Line 51: I am not sure I understand why a timeslice approach doesn’t work for limited area models? Many timeslice ARDTs work well within a limited area domain (see the ARDT list on the ARTMIP webpage, some of these are both timeslice and regional). I agree with the authors that regional ARDTs tend to do a better job because localized considerations are made for regional-specific that would not otherwise be considered in globals (for example, for IP, the complex topography and the North Atlantic storm track climatology). If this is the intent of the authors, I recommend using this as motivation for the newly developed ARDT for the IP, rather than timeslice vs lagrangian approach. If I misunderstood, please make this statement more clear.
Introduction general comment: I am surprised there is no mention of the Calwater experiment. Although this was focused on the western U.S., it was an important and groundbreaking study to look at aerosols with observations and AR. Here is a citation from CalWater that uses the same model as this study, i.e. WRF-Chem.
Naeger, A. R. (2018). Impact of dust aerosols on precipitation associated with atmospheric rivers using WRF-Chem simulations. Results in Physics, 10, 217-221, https://www.sciencedirect.com/science/article/pii/S2211379717318223
Paragraph at line 74: It might be useful to readers familiar with climate models, but not WRF forecast systems, to add a sentence or two explaining how lateral boundary conditions nudge the model back to the “observations”. This is important for when you describe your common ARs periods later, it makes sense to use common periods given each simulation is reproducing the same forecast period, but just with different aerosol treatments. If I am misunderstanding the design, please clarify.
Line 88: Just checking how “online” is meant here, as an active coupled component and not stand-alone simulation?
Line 108: I think this a Lagrangian approach, i.e. tracking rather than timeslice, given Figure 2? I am not sure I understand why a regional ARDT can’t track an AR? This approach is similar to the IDL ARDT (an ARTMIP contributor, Ramos et al., 2016). I think it would be helpful to add what aspects of AR science that AIRA addresses that the IDL does not. Or, how it compares to IDL, especially given both of these ARDT look at Iberian ARs.
Ramos, A. M., Nieto, R., Tomé, R., Gimeno, L., Trigo, R. M., Liberato, M. L. R., and Lavers, D. A.: Atmospheric rivers moisture sources from a Lagrangian perspective, Earth Syst. Dynam., 7, 371–384, https://doi.org/10.5194/esd-7-371-2016, 2016
Line 134 and Paragraph at Line 185: From Table 1 and paragraph at Line 185, I think this is an absolute threshold, used for all simulations and does not change with the respective simulated climatologies? If so, please state that an absolute threshold is used for all simulations in the initial description, and point to the application for further explanation.
Line 196: Which ARDT catalogues/datasets were compared? The Brands ARDT contributions to ARTMIP are regional algorithms.
Line 203: This is consistent with ARTMIP findings as October being the month with the maximum frequency for these latitudes (Rutz et al. 2019, Fig 13).
Line 207: The mean intensity values are somewhat “baked in” to the values given the application of an absolute threshold.
Figure 5: I noticed is that the AR metrics presented in this paper do not agree with other published results that look at aerosols, ARs, and climate, (Baek et al., 2021) where the Baek shows very little change over the Iberian Peninsula in the thermodynamic/precipitation and more of a change with the dynamics. There could be many reasons, including model resolution, aerosol treatment, ARDT, but this should be discussed or addressed in some way.

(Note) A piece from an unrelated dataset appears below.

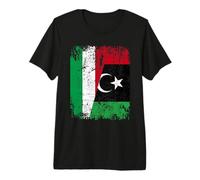 Libia Italia Bandiera Amicizia Italiana LIBICA Maglietta Premium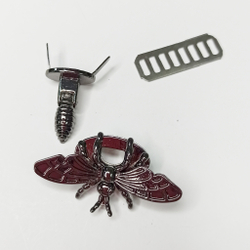 Замок вертушка  Мотылек на винтах 32*46 Черный никель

Baek, S.H., Lora, J.M. Counterbalancing influences of aerosols and greenhouse gases on atmospheric rivers. Nat. Clim. Chang. 11, 958–965 (2021). https://doi-org.cuucar.idm.oclc.org/10.1038/s41558-021-01166-8
Line 238: I am not convinced that 80 AR clusters is enough to overcome natural variability, could you add some discussion on the robustness of only using 80? Have you considered playing with your threshold to increase your sample size? Would the results be the same if you used a fixed-relative threshold, based on the “base” climatology? And/or a simple relative climatology unique to each of your experiments (base, ari, aric?) This would increase your sample size and also test uncertainty in your AR definition. (One thing that ARTMIP has shown is that the moisture threshold value is by far the biggest influence on AR frequency, and quite significantly so).
Figure 6: I am not sure if this figure adds much to the manuscript as currently described. Their differences don’t seem significant by eye (?) How are they important? If they are not, then maybe omit this figure.
Figure 8: Add an explanation for the box and whisker styled plots: mean, median, quantiles? What is the color scheme showing? As clusters 2 and 3 are primarily discussed, perhaps only show these instead of all the clusters? It will be more focused.
Figure 11: Same comment as Figure 8, as well as only showing the significant clusters.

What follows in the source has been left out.